The Media Village at the Rio Olympics Is Built on a Mass Grave of Slaves

As Brazil looks forward to an Olympic future, it buries its past

Rio Olympics
An artist's rendition of the Rio Olympics facilities for the 2016 Summer Games. Some of the media accommodations were apparently built on top of remnants of Brazil's slave history. Rio Olympics

When journalists show up en masse in Rio de Janeiro to cover the Summer Olympics next month, many will stay in the Barra Media Villages, a self-described group of “over 1,500 spacious and modern apartments” complete with kitchens, 24/7 food access, along with a huge pool. But, write Daniel Gross and Jonathan Watts for The Guardian, that luxury comes at a price: Part of the village was constructed on top of a mass grave for slaves.

Gross and Watts report that part of a Brazilian quilombo, a community of people whose ancestors were runaway slaves, was torn down to make the village. Residents say that developers did away with “sacred” archaeological remnants of African slaves by building over them. In contention is a colonial-era sugar mill that Camorim Quilombo residents claim was razed without an archaeological survey—and, given that a huge mass grave of slaves was found nearby 16 years ago, they claim that the village is built over the graves of their ancestors.

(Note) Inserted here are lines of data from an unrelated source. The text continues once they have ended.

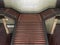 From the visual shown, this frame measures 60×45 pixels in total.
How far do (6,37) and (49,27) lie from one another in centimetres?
93

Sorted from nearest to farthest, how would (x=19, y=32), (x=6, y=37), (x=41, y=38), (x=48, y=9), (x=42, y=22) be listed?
(x=41, y=38), (x=19, y=32), (x=42, y=22), (x=6, y=37), (x=48, y=9)

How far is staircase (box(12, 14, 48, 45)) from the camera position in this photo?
185 centimetres

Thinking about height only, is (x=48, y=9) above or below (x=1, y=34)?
above

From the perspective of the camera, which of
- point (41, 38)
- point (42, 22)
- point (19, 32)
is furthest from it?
point (42, 22)

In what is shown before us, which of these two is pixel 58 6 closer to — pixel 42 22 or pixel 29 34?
pixel 42 22

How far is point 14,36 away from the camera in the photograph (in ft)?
6.38

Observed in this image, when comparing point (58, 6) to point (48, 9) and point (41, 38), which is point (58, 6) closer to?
point (48, 9)

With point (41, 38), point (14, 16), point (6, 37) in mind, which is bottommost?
point (6, 37)

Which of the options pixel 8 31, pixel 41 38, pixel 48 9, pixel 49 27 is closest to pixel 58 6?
pixel 48 9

Quilombos hold special status in Brazil, which had a long and particularly brutal slave trade. The country had up to 10 times the number of slaves the United States did, relied on slave labor to build its cities and infrastructure, and was the last nation in the Americas to abolish slavery in 1888. But the end of slavery didn’t mean the end of its influence in Brazil—or the end of forced labor in some rural areas, which continued through the 20th century. Today, people of color constitute 50.7 percent of the country’s population, and Afro-Brazilians are a critical part of Brazilian culture despite ongoing racial disparities.

People who live in quilombos communities that are said to have been founded by runaway slaves have a constitutional right to that land, Roque Planas writes for The Huffington Post. Gross and Watts add that today, though there are over 3,500 quilombos in Brazil, many face threats from developers who want to use the land for purposes other than those designated by their rightful residents. In this case, residents had filed for the rights to the land in question, but it was bought up by a developer before their claim could be finalized. Gentrification and forcible removal of the residents of poor areas designated as Olympic sites has been rampant during the leadup to this year's Summer Games.

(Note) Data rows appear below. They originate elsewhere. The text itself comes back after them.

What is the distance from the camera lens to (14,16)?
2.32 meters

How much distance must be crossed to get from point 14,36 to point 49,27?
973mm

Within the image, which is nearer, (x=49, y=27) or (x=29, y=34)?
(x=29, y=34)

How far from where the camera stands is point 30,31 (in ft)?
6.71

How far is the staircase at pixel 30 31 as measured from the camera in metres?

Camorim Quilombo has a long history of resisting development, writes Stephanie Reist for Rio on Watch. From the remnants of the hideouts used by escaping slaves to environmental resources like a state park, Camorim is home to people who refuse to abandon their past. But rather than memorialize that backstory, for now Brazil seems content to point to a lavish future, covering up poverty and history for the sake of presenting a sanitized face to the world.